The two judges talk about their plan to free Erzincan Chief Public Prosecutor İlhan Cihaner, Col. Dursun Çiçek and several others on trial for being involved in a criminal deep-state gang. In the recording, one judge tells another that he will become the head of the Supreme Court of Appeals if he ensures that the two cases against Cihaner and Çiçek are merged and that they are freed from prison. They label some members of the Supreme Court of Appeals as “cowards” for not acting to save Cihaner.The newly revealed voice recordings provide yet more evidence for the Turkish people of the contradictions that prevail among the state bureaucracy; how inconsistently the judiciary deals with different groups and the reasons for that inconsistency. These events show once more that in a situation of lawlessness it is hard for any administration to pursue successful judicial reform. No judicial reform with such officials in place could establish an independent and effective judiciary.
During the latest debates on constitutional amendments there appeared a real chance that, due to the opportunities brought about the social and political movements and changes in social settings, judicial reform will succeed. If not a fully independent, at least an effective judiciary is a reasonable expectation for 21st century Turkey.
This has not come to pass so far for many reasons -- previous military interventions and constitutions drafted under military tutelage changed administrations but not the relationship between the state, civil society and individual. Due to political dilemmas in subsequent periods and some politicians’ lust for power and eye for short-term gains, the reform-minded have not been able to reach the goals they set for themselves.
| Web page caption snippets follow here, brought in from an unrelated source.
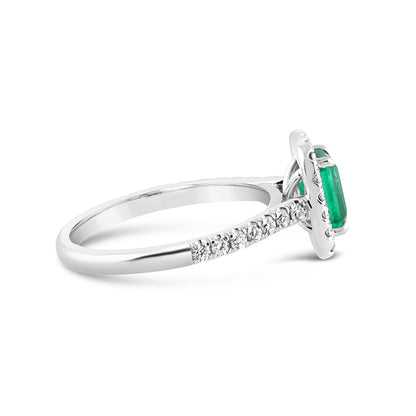 Zambian Emerald &amp; Diamond Halo Ring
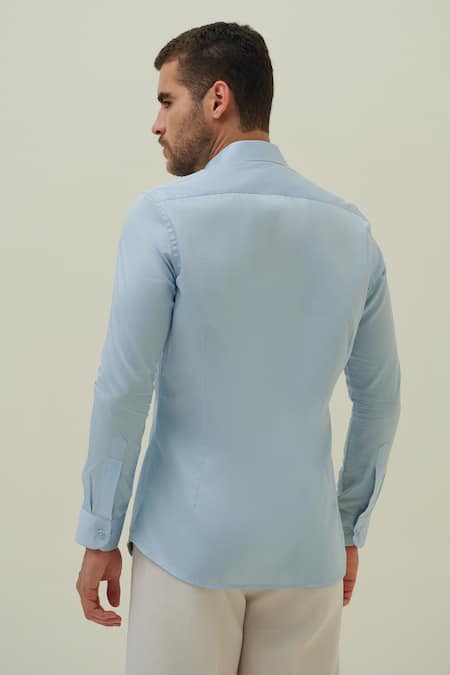 Amrit Dawani European Warrior Blue Hand Painted Shirt 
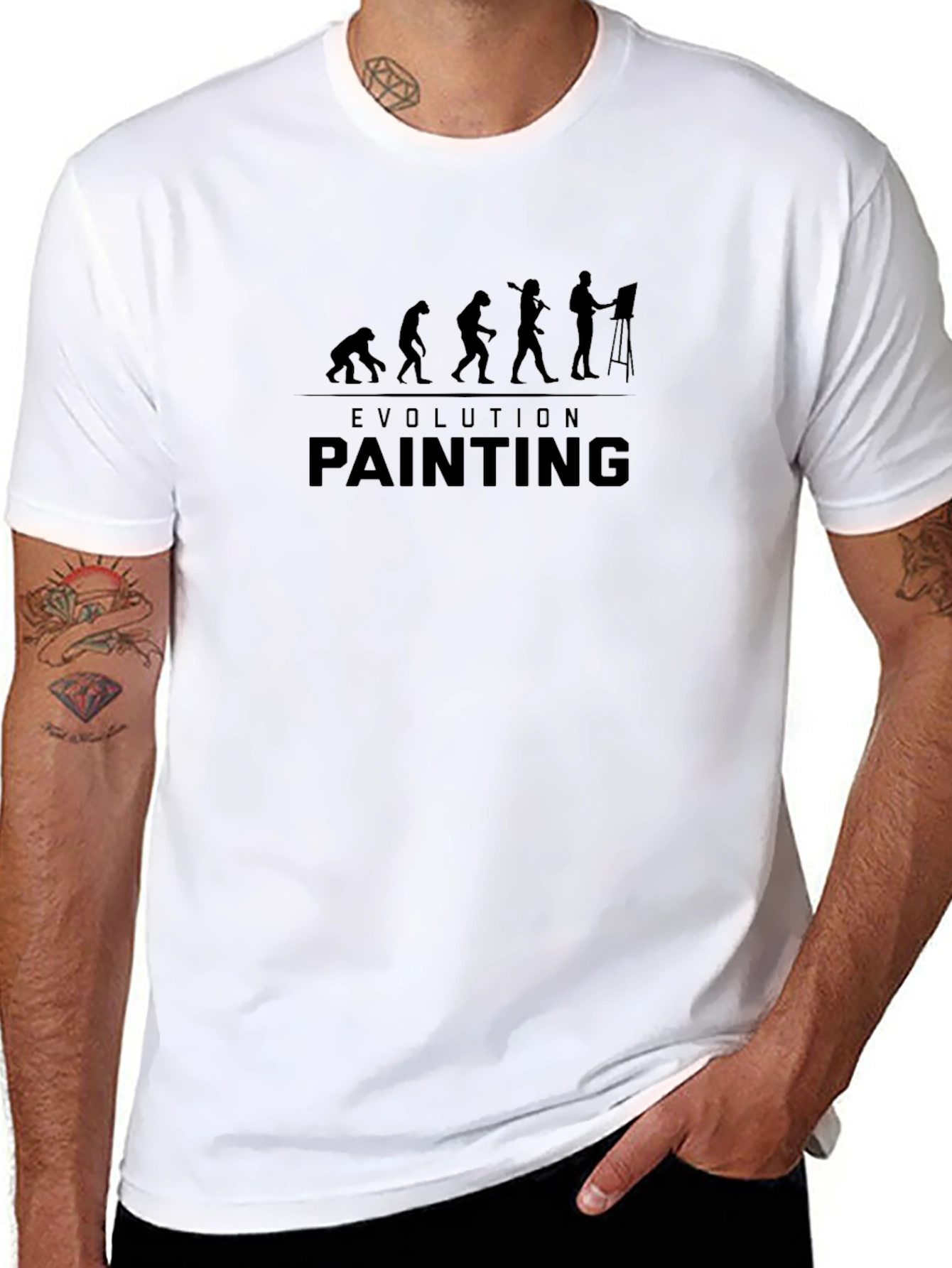 Evolution of Painting Graphic T-Shirt - Black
This was not because governments did not want to carry through on their promises, but because of structural problems and obstacles installed after each military intervention. Judicial reforms became piecemeal, producing an ineffective and partial judiciary. Reforms did not amount to positive action for rights and freedoms, consolidating civil society, but were organized and interpreted in such a way as to protect the interests of powerful actors taking advantage of the political process. Public and academic discussions of the judicial process and the execution of parliamentary decrees or amendments in Turkey often touch on the problem of “double sovereignty” and the dualities of the republican elitists vs. reformists, Kemalists vs. religiously conservative, secularists vs. religious. But the dilemmas of judicial reform which are central to the discussion attract no serious or formal consideration by the bureaucratic judiciary and their friends in the media.
Yet the complexities and contradictions of incremental and systemic reform must be confronted. For example, reform-minded civil society groups, academics and journalists have drawn attention to the lack of finality in the litigation process, and the resulting weakness of incentives to settle. In addition, ethics training for judges will do little to obviate underlying motivations for receipt or solicitation of bribes and promotion in a corrupt system, as is discussed by the two judges in the voice recording. The appointment of a few new judges to the Supreme Board of Judges and Prosecutors (HSYK) and other courts will do little to alter the corporatist culture of a career judiciary.
Currently, our legal system in Turkey lags far behind developments in the global arena in technical standardization, professional rule production, human rights, intra-organizational regulation in multinational enterprises, contracting, arbitration, and legal pluralism. These legal frameworks have worldwide validity independent of the law of nation-states. But the Turkish judiciary, in the grasp of ideological and power-hungry judges and prosecutors, as we have just witnessed, has blithely ignored the consequences of globalization in the legal and judicial arenas.
Reform will involve considerable investment of money, time, social capital and non-partisan political efforts to increase the efficiency, accountability and independence of the judiciary, at least to the level of the developed democracies of the EU or other developed democracies of the industrialized world. Legal NGOs and local, national, and international legal institutions of legal professionals must be encouraged to contribute to discussions and amendment of legal practice. In addition, there needs to be adequate study of why and how judges and prosecutors’ sense of justice becomes ideological and how this can be avoided, and of how judicial corruption and the disenchantment of the masses with the judiciary can be prevented. The current effective immunity of high-level officials must be removed so that any irregularities open the way to suspension and early retirement or even due punishment. Society needs to be organized in accord with individual rights, majority rule, and the rule of law. The rule of law must be a true guide rather than a mere hindrance, illusion or myth.